When you travel, you may find it difficult to get a good night's sleep. Travel jitters, unfamiliar beds and jet lag can all interfere with quality sleep. When this happens, it can reduce your ability to think clearly, react quickly and deal with stress. Disrupted sleep may also make you an unpleasant travel companion and even weaken your immune system, leaving you more susceptible to illness. Try these trips to maximize your sleep.....
> Take time to unwind Slow the pace of your activities at least two hours before going to sleep. Try to maintain the same bedtime ritual that you practice at home. Take a warm shower or bath to relax tense muscles.
> Avoid or limit caffeine, nicotine, and alcohol Caffeine and nicotine are stimulants that may prevent you from falling asleep. Alcohol may help you doze off, but it can cause frequent awakenings during the night.

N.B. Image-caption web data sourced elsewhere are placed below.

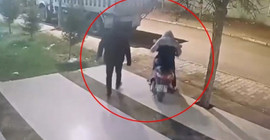 Yemek siparişi verip kuryelerin motosikletlerini çaldılar: Altı gözaltı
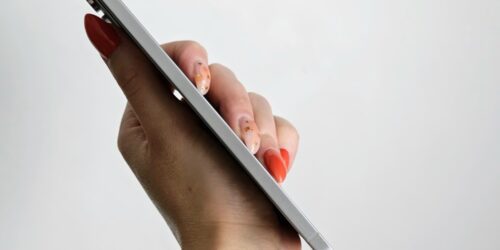 Samsung Galaxy S25 Edge – recenzja niebywale smukłego smartfona. Nowy trend czy chwilowa fanaberia?
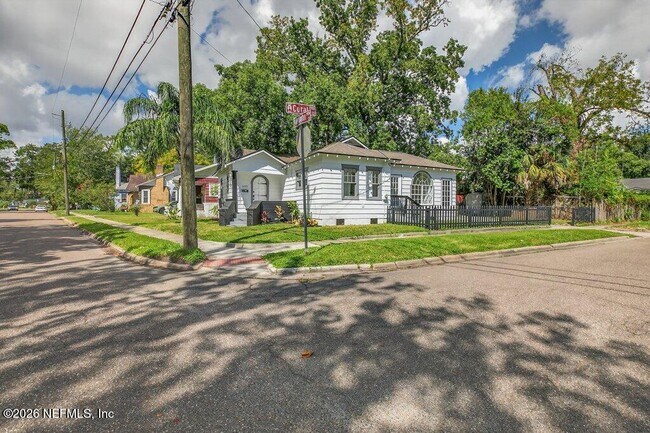 Building Photo - 2963 Remington St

> Avoid large meals late at night They can cause indigestion that inhibits sleep. Make early dinner reservations, or eat your largest meal at lunch.
> Create a comfortable sleeping environment Try to keep your bedroom dark, quiet and cool. Wear earplugs and eyeshades to help block unfamiliar noises and bright lights.
> Don't lie in bed awake If you’re not asleep after 20 minutes, get up and do some relaxing activity until you feel sleepy. Then return to bed.